What is being asked:
Reproduce the lines below verbatim. Pictures are to be omitted.

Collected data:
[Start of section]

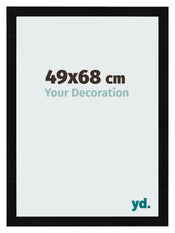 Photo Frame 49x68cm Black Silver Polished MDF Pisa Front Size | Yourdecoration.co.uk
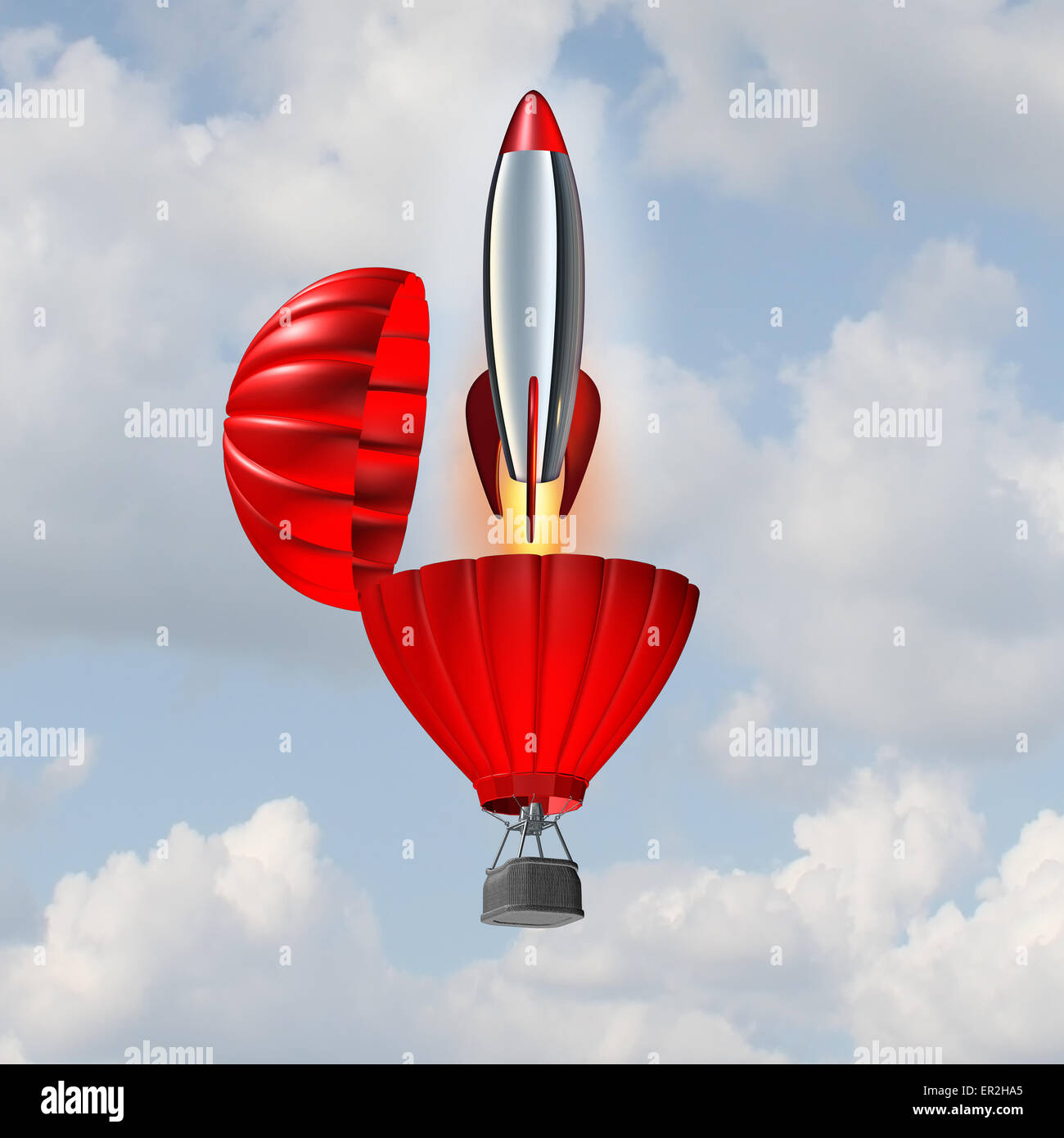 Ambition concept and building momentum symbol of business success as a hot air balloon opening up with an emerging rocket ship b Stock Photo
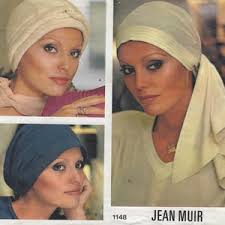 Anni '70 Jean Muir Donna Cappello Avvolto & Testa Sciarpa Vogue Couturier  Design Cucito Modello 1148 Taglia Unica Millenario Pattern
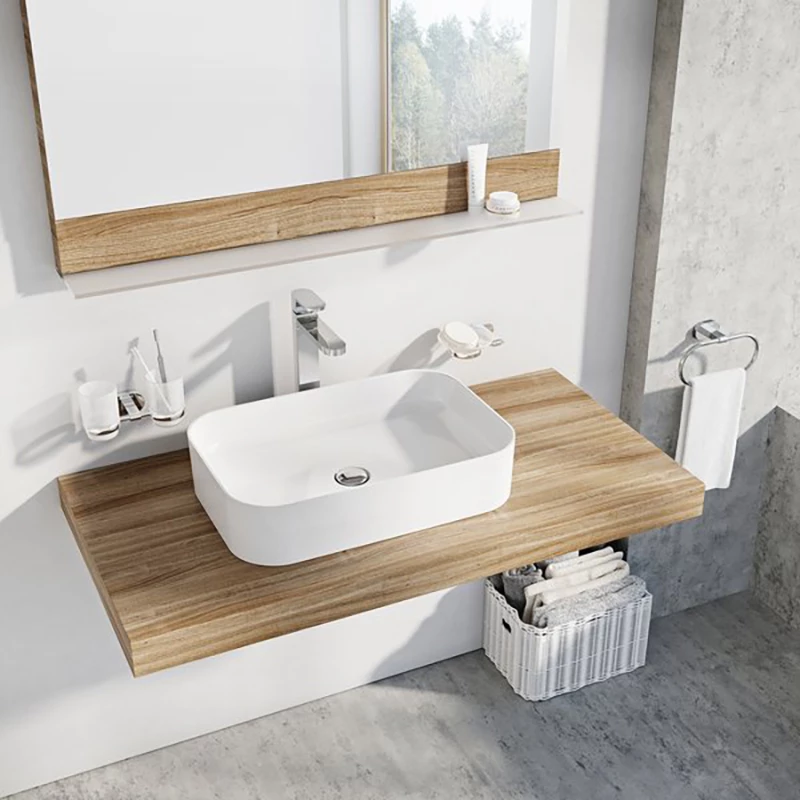 Ravak Ceramic Slim R pultra építhető kerámia mosdó 550*370*120mm,túlfolyó nélkül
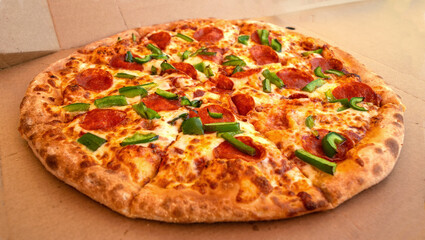 Pepperoni or Diabola Pizza in Delivery Box Top View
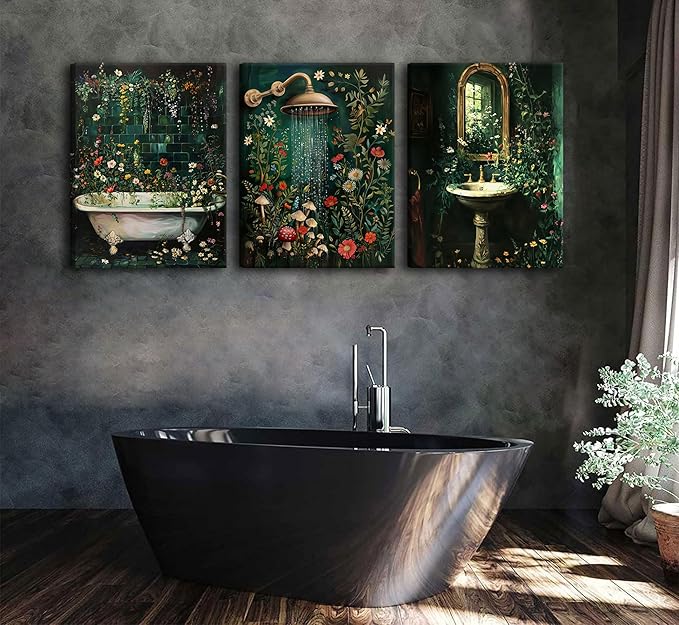 KKJ 3 Pcs Green Botanical Bathroom Canvas Wall Art, 16x24in Each, Dark Green Wildflowers, Floral Picture Wall Decor, Rural Style, Bathroom & Laundry Room Decoration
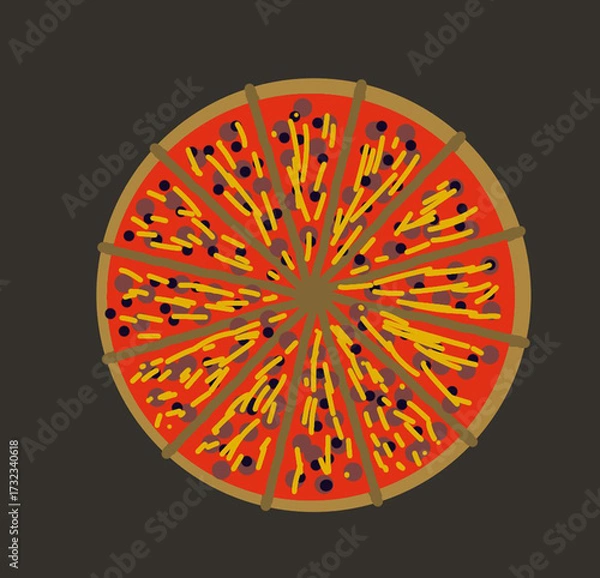 Obraz Stylized pizza with cheese and sausage.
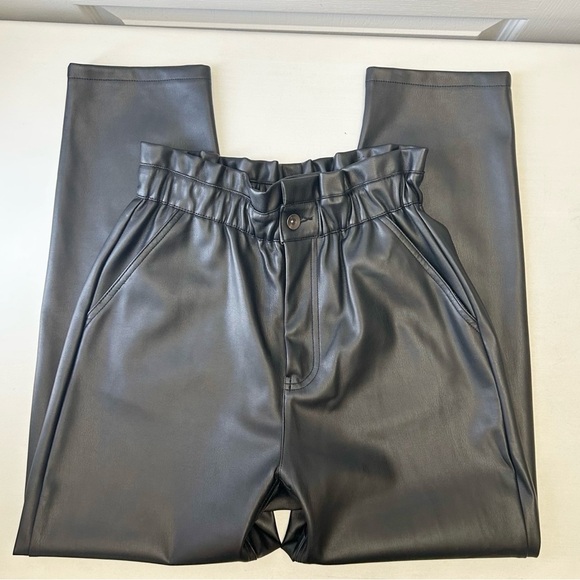 Zara Women's Black Faux Leather Baggy High-Waisted Paperbag Trouser Pants Size 2 - Picture 14 of 16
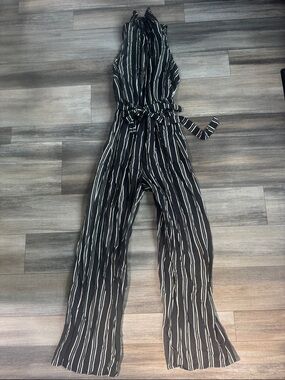 Black White and Green Vertical Stripe Halter Jumpsuit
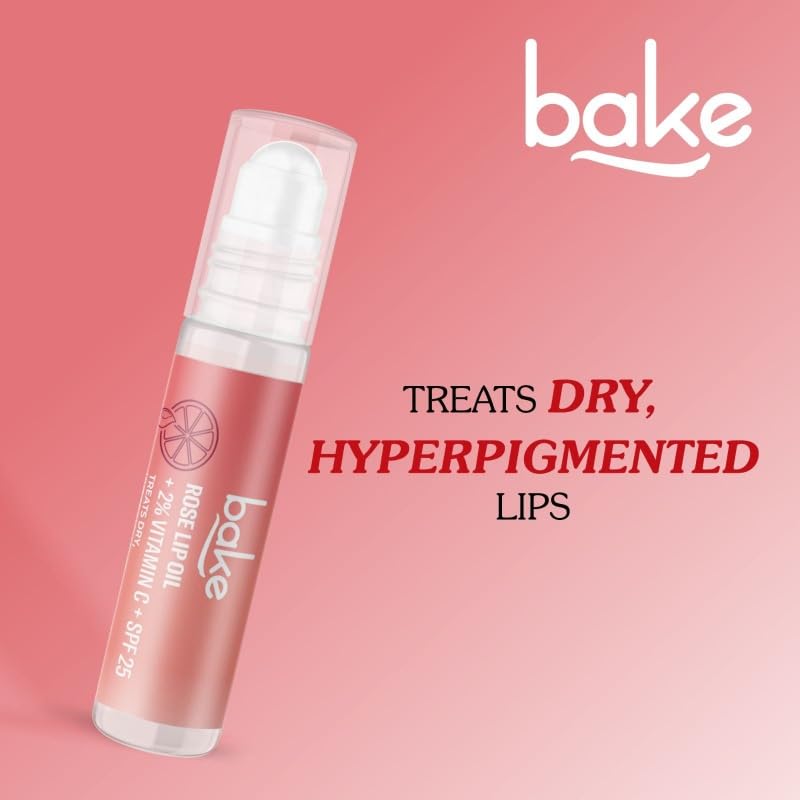 Bake Lip Oil for Shiny, Glossy, Soften Lips, Moisturizing & Nourishing-15gm (Rose, 15x1=15gm)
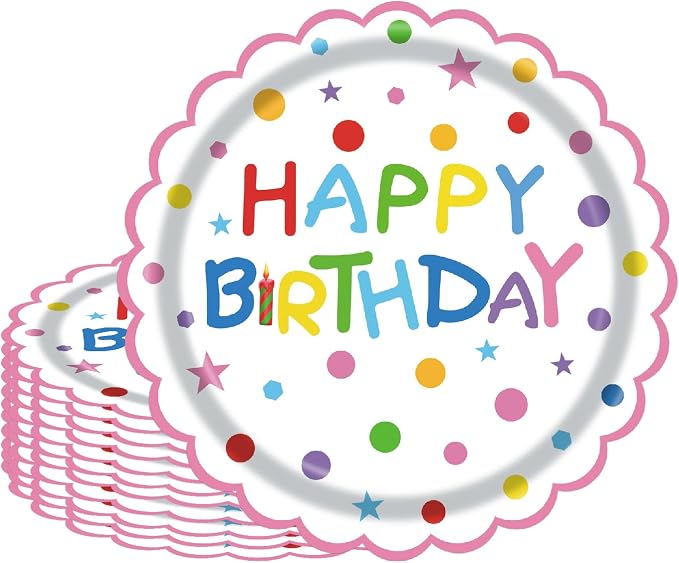 50Pcs Birthday Paper Plates 7inch Party Dessert Plates Supplies Colorful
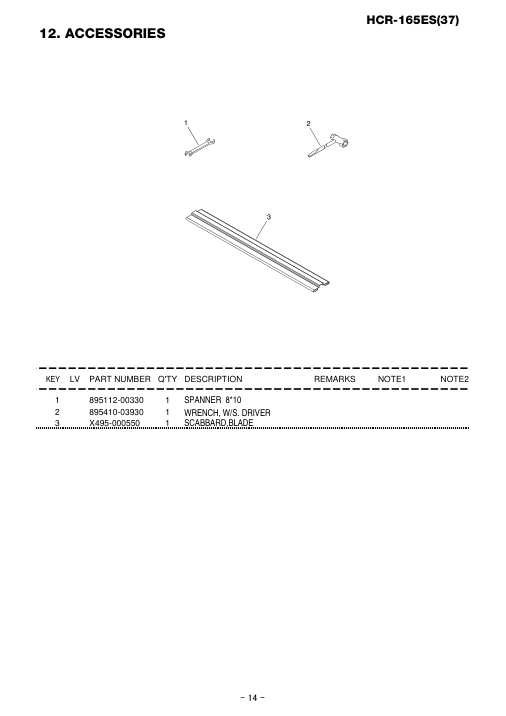 Echo HCR-165ES IPL / Parts List source page 15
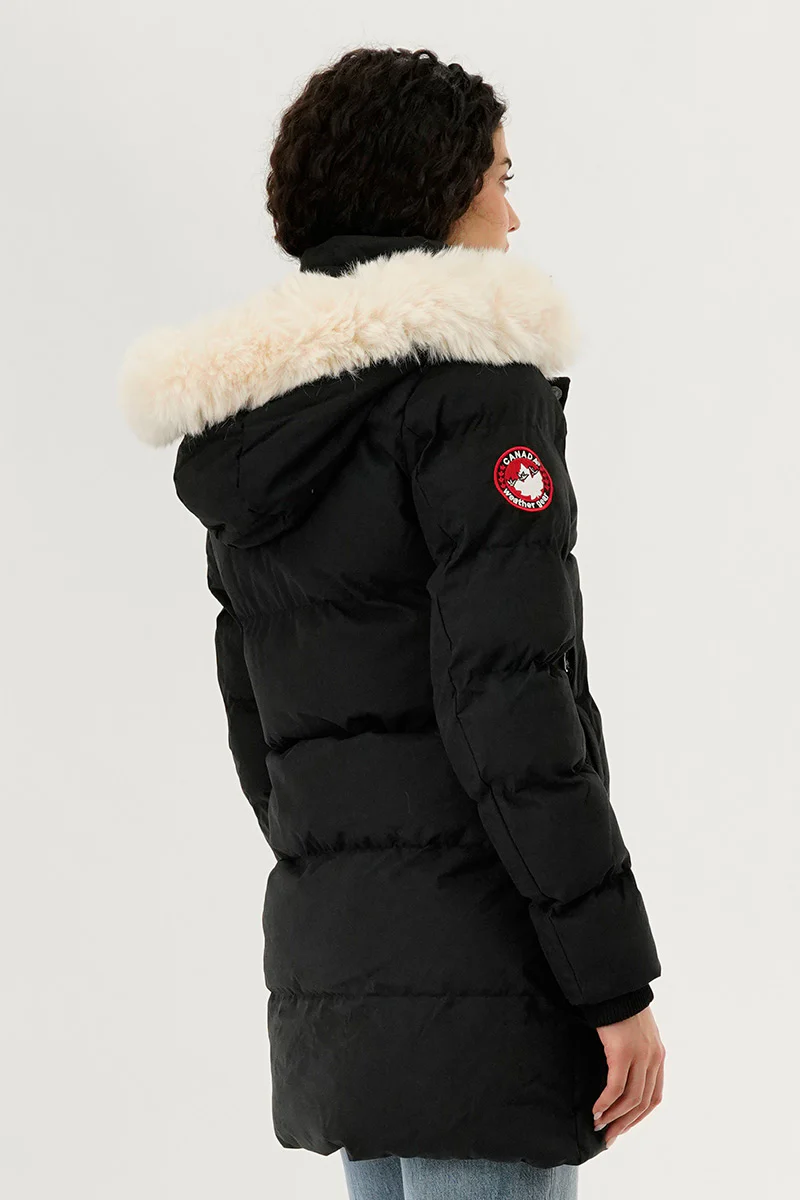Canada Weather Gear Hip Length Parka Jacket - Black - Image 3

[End of section]

Answer below:
 Photo Frame 49x68cm Black Silver Polished MDF Pisa Front Size | Yourdecoration.co.uk
 Ambition concept and building momentum symbol of business success as a hot air balloon opening up with an emerging rocket ship b Stock Photo
 Anni '70 Jean Muir Donna Cappello Avvolto & Testa Sciarpa Vogue Couturier  Design Cucito Modello 1148 Taglia Unica Millenario Pattern
 Ravak Ceramic Slim R pultra építhető kerámia mosdó 550*370*120mm,túlfolyó nélkül
 Pepperoni or Diabola Pizza in Delivery Box Top View
 KKJ 3 Pcs Green Botanical Bathroom Canvas Wall Art, 16x24in Each, Dark Green Wildflowers, Floral Picture Wall Decor, Rural Style, Bathroom & Laundry Room Decoration
 Obraz Stylized pizza with cheese and sausage.
 Zara Women's Black Faux Leather Baggy High-Waisted Paperbag Trouser Pants Size 2 - Picture 14 of 16
 Black White and Green Vertical Stripe Halter Jumpsuit
 Bake Lip Oil for Shiny, Glossy, Soften Lips, Moisturizing & Nourishing-15gm (Rose, 15x1=15gm)
 50Pcs Birthday Paper Plates 7inch Party Dessert Plates Supplies Colorful
 Echo HCR-165ES IPL / Parts List source page 15
Canada Weather Gear Hip Length Parka Jacket - Black - Image 3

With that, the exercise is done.